Two years on from their debut album ‘World Music,’ the Goat biography remains a muddled cluster of odd clues and unverified statements. Spokespersons claim the music was born in the isolated Swedish locality of Korpilombolo and has been passed on from generation to generation – the subsequent accumulation of outside influences bringing an evolution to the spirit of Goat’s music. This mystery in their identity is something that brings a certain romance to the Goat message, as their music focuses not on the individuals involved but a complete unity of sounds and cultures.
As the album’s title would suggest, ‘Commune‘ isn’t a step away from the congregation of foreign sounds displayed in ‘World Music,’ but a commune of the contrasting styles. The album’s opener ‘Talk To God’ is introduced by a ringing bell, each ‘ding’ gradually growing louder like some sort of trigger for hypnosis – docility brought full circle when met by the track’s trance-like eastern guitars, rolling bongo rhythm and ritualistic vocals.
Trans-continental ingredients are chucked into the concoction throughout the album, with curveballs coming from all angles.

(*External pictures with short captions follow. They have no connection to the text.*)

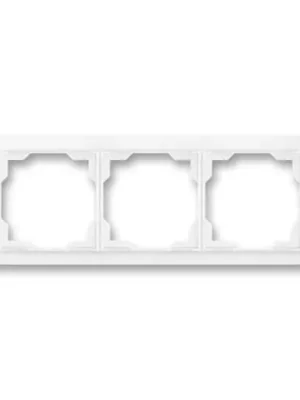 Must-Have ABB NEO Rámeček 3901M-A00130 03 trojnásobný, pro vodorovnou i svislou montáž, bílá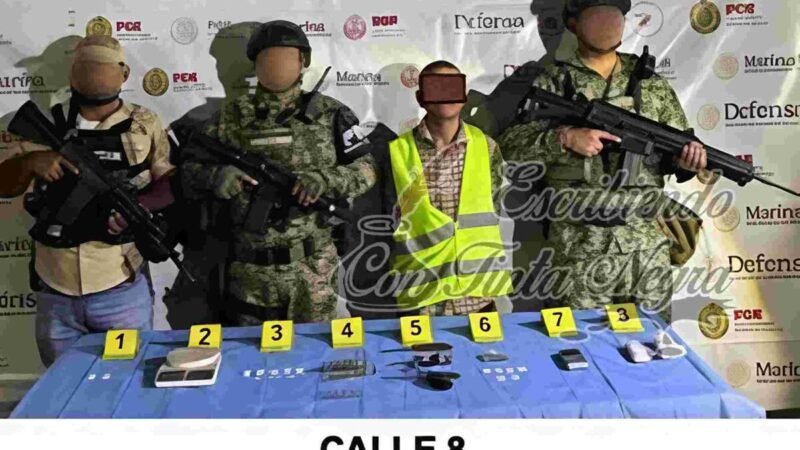 CAPTURAN A NARCO MENUDISTAS EN HUATUSCO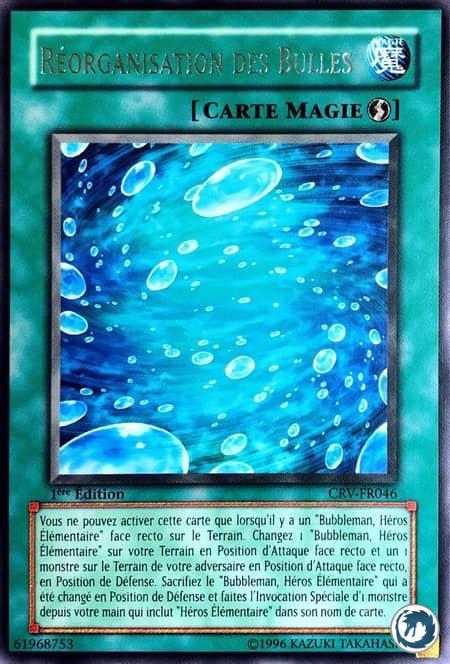 Réorganisation Des Bulles (CRV-FR046) - Bubble Shuffle (CRV-EN046) - Carte Yu-Gi-Oh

Intense tribal screams will be met with bluesy guitar licks before the harsh vocals turn hymn-like sweet only for the gentle guitars to echo proto-metal. This merging of cultures maintains the hypnotic tone throughout, and whilst being somewhat disorientating, these global micro-niches aren’t simply combined for the point of being experimental. They’re expertly gathered – the contrast of one sound only complementing its foreign counterpart.
‘Goatchild’ rolls through with a cool, wavy rhythm accompanied by 60s-sounding psychedelic tones; the wah-wah soaked guitar lines pulsating beneath a bright, soulful chorus sure to leave an impact. ‘Hide From The Sun’ and ‘Bondye’ are well-oiled instrumentals showcasing the typically diverse array of sounds; these two tracks flowing towards the end of the album as they lead on to final track ‘Gathering Of Ancient Tribes’. This truly feels like the soundtrack to some sort of sacrificial ritual as chants of “into the fire!” lead in to a manic 2-minute guitar freakout which burns furiously until being reduced to a single glowing ember.
As a whole, ‘Commune’ is a welcome advancement on the route Goat set with ‘World Music’, and whether its authors are a century worth of settlers from the scarcely populated Scandinavian town or not, they continue to produce a sound entirely distinct from anything else you’ll hear right now.